Incitations plus fortes en faveur du privé et financement public accru
Comment pousser les acteurs du monde de la recherche et de l’innovation à breveter leurs inventions ? Le rapport de Mario Draghi proposait d’apporter un soutien financier spécifique aux PME, afin de les aider à protéger leurs innovations.
En accord, avec lui, le président de l’OEB estime qu’il faut « davantage d’investissements mieux ciblés, ce qui passe par des incitations plus fortes pour le secteur privé et par un financement public accru dans des domaines technologiques stratégiques. »
António Campinos se félicite d’ailleurs de l’élargissement, en avril 2024, de la politique de l’OEB en faveur d’une « réduction générale des taxes de 30 % aux micro-entités, centres de recherche et universités. »

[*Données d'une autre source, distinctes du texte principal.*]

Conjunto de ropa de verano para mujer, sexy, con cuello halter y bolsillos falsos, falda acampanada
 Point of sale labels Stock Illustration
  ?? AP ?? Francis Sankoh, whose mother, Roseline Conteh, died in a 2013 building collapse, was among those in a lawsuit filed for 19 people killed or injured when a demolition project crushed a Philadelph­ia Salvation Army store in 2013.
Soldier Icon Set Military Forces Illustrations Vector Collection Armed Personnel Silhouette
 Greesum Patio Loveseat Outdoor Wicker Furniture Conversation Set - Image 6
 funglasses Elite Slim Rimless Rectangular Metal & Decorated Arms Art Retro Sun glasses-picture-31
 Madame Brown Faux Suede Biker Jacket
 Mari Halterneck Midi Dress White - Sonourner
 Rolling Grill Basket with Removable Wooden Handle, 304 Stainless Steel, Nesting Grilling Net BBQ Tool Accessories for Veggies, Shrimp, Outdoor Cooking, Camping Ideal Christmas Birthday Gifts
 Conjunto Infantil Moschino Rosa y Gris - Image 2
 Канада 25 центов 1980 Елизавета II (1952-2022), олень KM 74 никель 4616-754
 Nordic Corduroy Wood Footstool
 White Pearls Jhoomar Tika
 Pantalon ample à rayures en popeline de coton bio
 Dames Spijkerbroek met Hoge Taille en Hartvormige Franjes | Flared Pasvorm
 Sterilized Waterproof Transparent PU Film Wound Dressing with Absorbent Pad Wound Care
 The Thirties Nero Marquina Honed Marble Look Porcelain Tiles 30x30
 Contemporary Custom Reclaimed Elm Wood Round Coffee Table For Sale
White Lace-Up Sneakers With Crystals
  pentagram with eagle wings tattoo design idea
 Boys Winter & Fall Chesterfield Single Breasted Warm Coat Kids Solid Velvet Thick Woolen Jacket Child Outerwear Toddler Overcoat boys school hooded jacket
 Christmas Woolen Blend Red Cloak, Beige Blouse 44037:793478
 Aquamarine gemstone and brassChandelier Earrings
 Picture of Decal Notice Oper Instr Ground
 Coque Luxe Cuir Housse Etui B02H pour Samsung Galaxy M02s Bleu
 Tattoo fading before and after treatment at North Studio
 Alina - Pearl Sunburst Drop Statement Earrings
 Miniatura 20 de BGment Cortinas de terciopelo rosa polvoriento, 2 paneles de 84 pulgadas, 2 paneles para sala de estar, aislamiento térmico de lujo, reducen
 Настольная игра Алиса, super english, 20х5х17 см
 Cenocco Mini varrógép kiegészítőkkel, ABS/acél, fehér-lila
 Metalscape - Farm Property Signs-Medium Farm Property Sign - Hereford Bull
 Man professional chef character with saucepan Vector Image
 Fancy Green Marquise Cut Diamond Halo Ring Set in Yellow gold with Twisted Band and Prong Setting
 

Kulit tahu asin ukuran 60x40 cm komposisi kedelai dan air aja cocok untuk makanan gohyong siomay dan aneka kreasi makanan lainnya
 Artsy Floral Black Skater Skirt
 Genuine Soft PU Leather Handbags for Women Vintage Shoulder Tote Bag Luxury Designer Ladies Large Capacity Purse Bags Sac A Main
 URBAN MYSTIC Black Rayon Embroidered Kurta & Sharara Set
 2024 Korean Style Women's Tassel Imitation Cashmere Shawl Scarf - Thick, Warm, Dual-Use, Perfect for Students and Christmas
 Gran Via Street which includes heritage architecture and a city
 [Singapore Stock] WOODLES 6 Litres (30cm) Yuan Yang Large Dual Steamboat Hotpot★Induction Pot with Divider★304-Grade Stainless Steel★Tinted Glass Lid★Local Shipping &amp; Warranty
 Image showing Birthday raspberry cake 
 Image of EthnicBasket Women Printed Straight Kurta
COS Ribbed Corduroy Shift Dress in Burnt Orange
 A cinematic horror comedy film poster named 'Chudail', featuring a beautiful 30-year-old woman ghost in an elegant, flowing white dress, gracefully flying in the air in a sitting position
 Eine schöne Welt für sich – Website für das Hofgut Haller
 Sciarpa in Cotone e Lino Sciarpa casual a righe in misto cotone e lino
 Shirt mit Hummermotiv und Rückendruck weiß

Le système du brevet unitaire : un guichet unique qui permet des économies importantes
A. Campinos rappelle également les avantages du nouveau système de brevet unitaire, lancé en juillet 2023, qui « simplifie radicalement la protection par brevet dans les États participants grâce à une procédure de demande unique » et permet surtout aux entreprises d’éliminer les coûts de maintien d’un brevet dans plusieurs États !
Le directeur de l’OEB déplore néanmoins que tous les États membres n’aient pas adopté le dispositif[2]. Ces économies, pourraient pourtant « atteindre 82 % si les 27 États membres de l’UE suivent la recommandation du rapport Draghi et rejoignent le système du brevet unitaire. »
Enfin, ce système permet aussi d’autres gains indirects « en évitant les taxes prélevées par les offices nationaux, les coûts de traduction et les frais juridiques. »
[1] L’Université Grenoble Alpes, l’Université Technique de Munich, l’Université d’Oxford, l’Institut fédéral suisse de Technologie ETH Zurich, l’Université de Copenhague et l’école Polytechnique de Milan
[2] En 2025, seuls 18 États membres de l’Union européenne participent activement au système de brevet unitaire et à la Juridiction unifiée du brevet (JUB)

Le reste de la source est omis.